You are right though, Ron. I've known too many dudes over the decades using
massive dynojet kits, crank out the idle screw 2+, drilled up the vac sliders big,
etc. Kinda pointless and definitely overkill. (My attempt is to hit optimal from
what the EPA has stolen.)
I'm with you on all that. :)

It's repeated so often (especially since the advent of the internet) that all bikes are lean from the factory. I guess it's no wonder that so many believe it as true. A more accurate approach might be to say that some are lean, some are not. Probably even more accurate would be to say that many (if not most) bikes may be lean or rich in certain carb circuits, not necessarily all circuits.

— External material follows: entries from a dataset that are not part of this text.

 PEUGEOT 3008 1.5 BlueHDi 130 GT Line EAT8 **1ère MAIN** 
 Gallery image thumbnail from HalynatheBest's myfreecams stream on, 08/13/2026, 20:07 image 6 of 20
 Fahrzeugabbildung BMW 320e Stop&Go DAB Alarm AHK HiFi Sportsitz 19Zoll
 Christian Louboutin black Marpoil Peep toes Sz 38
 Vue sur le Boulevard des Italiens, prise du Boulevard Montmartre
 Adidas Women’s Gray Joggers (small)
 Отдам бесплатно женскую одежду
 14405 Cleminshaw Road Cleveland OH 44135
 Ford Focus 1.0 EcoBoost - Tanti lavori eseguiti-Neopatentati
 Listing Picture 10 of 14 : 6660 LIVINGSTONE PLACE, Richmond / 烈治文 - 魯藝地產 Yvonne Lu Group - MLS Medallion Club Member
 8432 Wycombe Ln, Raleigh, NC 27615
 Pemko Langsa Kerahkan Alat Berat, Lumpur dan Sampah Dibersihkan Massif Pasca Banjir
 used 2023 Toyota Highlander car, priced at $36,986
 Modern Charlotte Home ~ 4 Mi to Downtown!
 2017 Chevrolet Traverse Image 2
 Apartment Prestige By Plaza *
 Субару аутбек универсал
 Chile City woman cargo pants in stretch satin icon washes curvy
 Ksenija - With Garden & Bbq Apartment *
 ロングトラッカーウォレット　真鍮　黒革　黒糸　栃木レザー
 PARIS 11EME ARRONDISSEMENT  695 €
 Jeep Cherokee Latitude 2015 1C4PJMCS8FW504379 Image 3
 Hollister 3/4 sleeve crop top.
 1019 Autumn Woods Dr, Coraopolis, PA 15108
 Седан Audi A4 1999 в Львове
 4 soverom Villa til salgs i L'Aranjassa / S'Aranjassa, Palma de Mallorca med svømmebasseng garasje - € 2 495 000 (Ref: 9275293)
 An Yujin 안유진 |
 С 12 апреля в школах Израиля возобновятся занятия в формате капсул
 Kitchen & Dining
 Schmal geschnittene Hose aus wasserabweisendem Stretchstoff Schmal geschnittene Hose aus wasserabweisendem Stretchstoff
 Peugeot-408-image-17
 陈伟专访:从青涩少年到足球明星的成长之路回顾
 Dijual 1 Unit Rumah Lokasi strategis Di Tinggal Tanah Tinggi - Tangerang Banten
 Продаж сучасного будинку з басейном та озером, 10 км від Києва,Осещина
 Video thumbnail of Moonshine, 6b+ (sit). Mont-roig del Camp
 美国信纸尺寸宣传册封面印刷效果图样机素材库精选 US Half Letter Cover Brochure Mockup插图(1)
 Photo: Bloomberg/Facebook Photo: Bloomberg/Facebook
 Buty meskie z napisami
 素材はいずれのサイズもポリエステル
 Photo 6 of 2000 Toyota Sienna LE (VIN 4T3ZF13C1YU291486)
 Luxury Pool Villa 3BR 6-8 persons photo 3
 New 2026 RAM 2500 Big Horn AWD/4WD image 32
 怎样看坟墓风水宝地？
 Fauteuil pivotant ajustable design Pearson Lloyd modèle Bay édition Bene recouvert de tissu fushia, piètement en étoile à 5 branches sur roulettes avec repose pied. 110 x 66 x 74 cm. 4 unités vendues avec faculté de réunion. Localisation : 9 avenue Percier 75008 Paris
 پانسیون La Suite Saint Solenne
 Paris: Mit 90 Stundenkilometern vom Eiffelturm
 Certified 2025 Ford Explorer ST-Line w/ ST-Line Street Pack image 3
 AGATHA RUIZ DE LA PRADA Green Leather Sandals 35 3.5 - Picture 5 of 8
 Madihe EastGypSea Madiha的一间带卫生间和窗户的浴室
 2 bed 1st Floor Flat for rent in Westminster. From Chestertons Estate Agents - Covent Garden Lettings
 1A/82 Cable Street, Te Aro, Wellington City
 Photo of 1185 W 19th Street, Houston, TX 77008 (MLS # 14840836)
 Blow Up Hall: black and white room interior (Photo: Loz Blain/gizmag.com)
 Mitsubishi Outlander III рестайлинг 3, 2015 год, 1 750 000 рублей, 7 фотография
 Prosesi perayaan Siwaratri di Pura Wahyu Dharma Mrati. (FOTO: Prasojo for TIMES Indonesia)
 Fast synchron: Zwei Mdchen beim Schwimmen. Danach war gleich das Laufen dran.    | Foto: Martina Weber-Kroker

Originally with my bike, the pilot circuit adjustment was too rich. It was set at 1 3/4 turns from the factory. I'm now at 1 3/8 turns. The mid-range was and is still good with the oem needle. I tried the N1TB needle once and found it too rich and essentially just not right (for my engine). The main circuit was overly rich. Now with the 685 I am running a 138.

BTW, here are some exhaust readings.

Idle (1200 rpm)
HC 35ppm
CO 0.23%

3000 rpm
HC 35ppm
CO 0.4%

Keep in mind that these are after the converter.